Suppose μ = 0, σ = 1, x = 1, and p = 0.975. The mean is 1.6487, the median is 1, the variance is 4.6708, the PDF is 0.3989, the CDF is 0.5, and the 97.5th percentile is 7.0991. The gap between the mean and the 97.5th percentile is the visual fingerprint of the lognormal right tail.

When you have sample data and need to estimate σ for the lognormal fit, the Standard Deviation Calculator helps you back out the underlying standard deviation of ln X from the raw observations.

Benefits of Using This Calculator

An all-in-one lognormal distribution calculator removes the need to switch between separate PDF, CDF, quantile, and summary tools.
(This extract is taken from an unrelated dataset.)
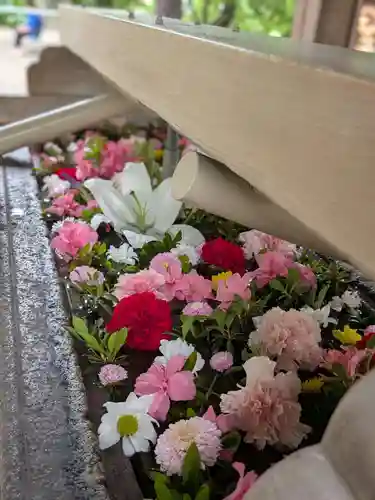 鳩森八幡神社(東京都)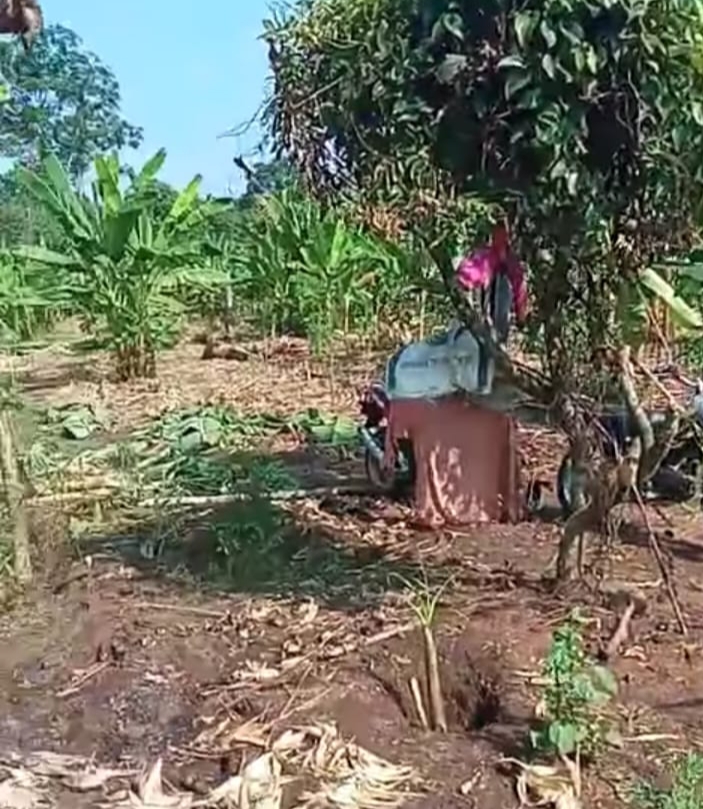 Kawanan Gajah Terus menghantui Warga, Kerap Rusak Area Perkebunan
  • Closed-form common measures: Read the mean, median, mode, variance, standard deviation, and skewness from μ and σ alone.
  • At-a-point probabilities: Type any positive x to see the PDF, CDF, survival, and the underlying z-score in the same panel.
  • Inverse CDF for tail quantiles: Type a probability p to read the matching quantile, useful for service levels, flood return periods, and 95th or 99th percentile planning.
  • Log-space friendly inputs: μ and σ are the natural inputs in a lognormal model, so the user does not have to convert from raw-scale means and standard deviations first.
  • Auditable z-score: The standardized z-score (ln x − μ) / σ is returned alongside the lognormal probability, which lets the user compare with a normal distribution reference.

The benefit is that the lognormal distribution is one of the few continuous distributions whose PDF, CDF, quantile, and common measures all have closed forms in elementary functions, so a single deterministic calculator can cover every question a course or analyst is likely to ask.

Once μ and σ are in hand, feed them into a downstream tool such as a Monte Carlo sample, a reliability prediction, or a portfolio simulation.

For discrete positive counts such as trial numbers and counts of events, the Geometric Distribution Calculator is a useful contrast that shows when the discrete cousin is a better model than the continuous lognormal distribution.

Factors That Affect Your Results

The shape of every output changes with μ and σ, and a few practical caveats apply when the data does not match the lognormal assumption.

μ sets the location of the distribution

Increasing μ by 1 multiplies the median, mean, and mode by e, while leaving the variance ratio and skewness unchanged.

σ controls the right tail and the skewness

A larger σ inflates the variance and skewness, so small changes in σ produce large changes in the upper tail.

Choice of x or p changes the at-a-point output

Filling in x surfaces the PDF, CDF, and survival; filling in p surfaces the quantile. Leaving both blank returns only the parameter-only common measures.

Strictly positive x is mandatory

The lognormal distribution is defined on x > 0 only, because the PDF contains 1/x and the log transform requires ln x to be finite.

  • The calculator does not fit μ and σ from a sample, run a goodness-of-fit test, or simulate datasets.
  • The formulas assume the underlying normal distribution for ln X is the correct model. If the histogram of the logged data has heavy tails, the Weibull or generalized gamma distribution may fit better.
  • When σ is small (below about 0.2), the lognormal distribution looks almost like a normal distribution clipped to x > 0, and the gap between mean, median, and mode is hard to detect in small samples.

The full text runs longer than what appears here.